Хорват писал, что у него есть лишь одна цель: демаскировка сознания. И просил не путать ее с демаскировкой отдельного человека или города — что «было бы чрезвычайно безвкусно». Он добавлял, что для него есть лишь один закон: истина. В «Сказках» истина эта складывается из множества правд и кривд его полуобразованных героев, сыплющих то школьной латынью, то вульгарной бранью и все чаще теряющих человеческий облик.
Пьеса Хорвата по-прежнему современна. Трудно не заметить параллелей этого текста с «Нелюбовью» Андрея Звягинцева. Схожи не только трагические развязки с гибелью детей, но и судьбы главных героинь, заблудившихся в поисках любви: полуобнаженная Марианна стоит в ночном клубе на золотом шаре, символизируя счастье, а Женя, казалось бы достигшая этого счастья, бежит на месте по беговой дорожке.
Творчество знаменитого драматурга продолжают активно изучать. Лишь в 2015 году широкой публике стала доступна его ранняя пьеса «Никто», а с 2009 года в Германии издается 18-томное полное собрание сочинений Хорвата. Недавно впервые на русском языке вышел роман «Юность без Бога» («Иностранная литература», 2016, № 6, перевод И. Дембо). Среди отечественных филологов наиболее емко о Хорвате написала Н. С. Павлова в статье «Театр Хорвата и его законы»[1]. Завершая свой обзор, Павлова пишет: «Хорват как сложное целое остался в немецкоязычной литературе явлением уникальным. Неожиданные соответствия можно заметить, пожалуй, лишь в творчестве весьма непохожего на Хорвата Т. Бернхарда с его трезвостью и потаенной болью, с вниманием к слову и сплавом комического и трагического». Анализ сходств и различий с Бернхардом, который, к слову сказать, тоже был недавно поставлен в Москве вахтанговцами, — тема интереснейшая, но требующая отдельного исследования.

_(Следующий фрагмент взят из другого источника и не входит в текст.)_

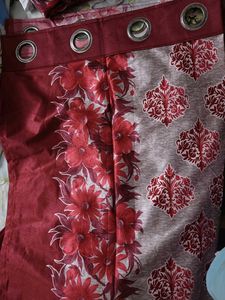 one beautiful floral curtain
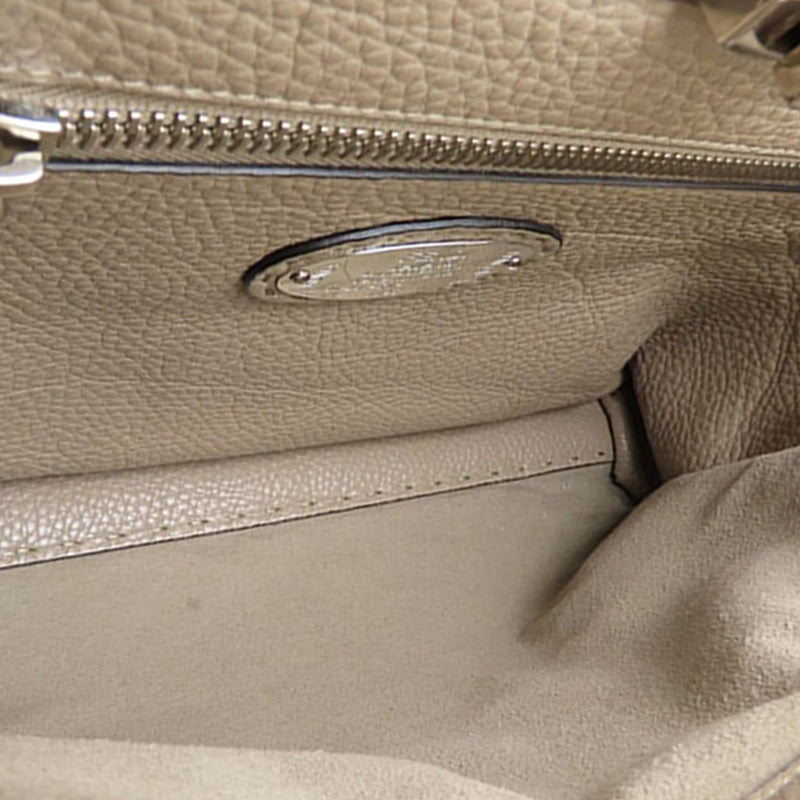 Medium Leather Selleria Peekaboo Iconic Satchel - Image 6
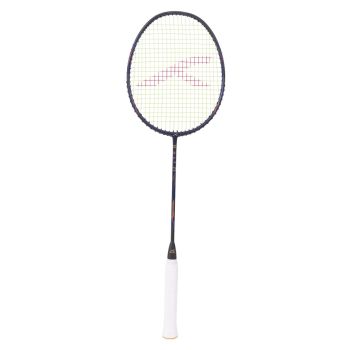 HUNDRED Cult 77 Badminton Racquet (Unstrung, Blue/Grey)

Никите Кобелеву и его прекрасным актерам — Юлия Силаева и Сергей Рубеко (Цауберкёниг) получили премии газеты «Московский комсомолец» — удалось перевести пьесу Хорвата на театральный язык интеллигентной столичной публики. Спектакль, вошедший, по мнению авторитетного театрального интернет-издания, в десятку лучших премьер прошлого года, неизменно заканчивается продолжительными овациями. И, конечно, хотелось бы, чтобы у первооткрывателей из Маяковки появились последователи и мы увидели новые постановки Хорвата на российской сцене.
[1] Н. С. Павлова. Природа реальности в австрийской литературе. — М.: Языки славянской культуры, 2005.